NEWS

Bidding Farewell To A First-Class First Lady

OPINION
By Celia Rivenbark
Tribune News Service

WWR Article Summary (tl;dr) Great piece by Celia Rivenbark on why Michelle Obama is such a great woman, and why she made many of us want to be better women too.

Tribune News Service

Even the loudest Obama haters I encountered by email and in person over the past eight years would often add a soft little P.S. to their rants: “I like Michelle, though…”

I get that. Michelle Obama and I have a lot in common except for chiseled arms, a commitment to eating healthy foods, unflappable demeanor, giant intellect and emotional maturity.

Yep. Other than that Mick and I are practically twins.

My point is she is probably the woman I admire most, ever. I marveled at the grace and restraint she demonstrated time and again with her vilest detractors. When Michelle got mad, she just planted more broccoli rabe in the White House garden. Taking out your troubles on freshly tilled and fertilized soil is a Southern trait, so I could easily relate.

That said, part of me yearns for Michelle Obama to visit the low road just every now and then once she leaves the White House.

Not a full-on reversal, just a short trip down that frontage road that hugs the interstate and leads to an abandoned Howard Johnson’s.

There is a small part of me (OK, there are no small parts of me; that was a “post-truth”) that yearns for post-White House Michelle to sit around in sweats eating potato chips and Lipton onion soup dip and say what she really thinks about the West Virginia bigot who posted a racist comment about her on Facebook. Alas, she is better than that on both counts.

I tried to emulate Michelle Obama’s attitude after the late unpleasantness but found it impossible. I tried to quote her now-famous “When they go low, we go high” but it came out: “When they go low, we gleefully exploit it.” Every. Single. Time.

Michelle Obama made me want to be a better mother. Our daughters aren’t that far apart in age and I admired how she was appropriately protective but not suffocating. How did she resist telling an undesirable boyfriend, “You know her daddy could have your fingerprints erased, right? OK. Good talk.”

Her commitment to fitness is something I liked to admire from a safe distance. Her message to young people was clear: Queso dip bad; parsnips good. And they bought it! The First Lady made nutrition, if not quite hip, cool enough to make sure you wouldn’t get bullied for having kale pesto in your lunchbox.
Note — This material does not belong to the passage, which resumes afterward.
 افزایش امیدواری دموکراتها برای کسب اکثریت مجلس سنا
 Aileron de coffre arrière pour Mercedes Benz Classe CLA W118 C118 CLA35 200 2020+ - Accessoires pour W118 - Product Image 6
When she spoke out, kids listened, mostly because they are really good at recognizing when somebody cares about them and when they’re just pretending.

I’m hoping that in her private life, Michelle Obama will turn her considerable talents and likeability scores into continuing to work with childhood obesity or (new issue) trying to determine why ESPN female anchors dress like hookers. (Nobody needs to see that much cleavage at 9 in the morning; am I right?)

I’ll miss Michelle Obama’s wisdom, J Crew sweater sets, carpool karaoke cuttin’ up and, sigh, even the parsnips. You go, girl.
But don’t go too far.
___
(Celia Rivenbark is the best-selling author of seven humor collections)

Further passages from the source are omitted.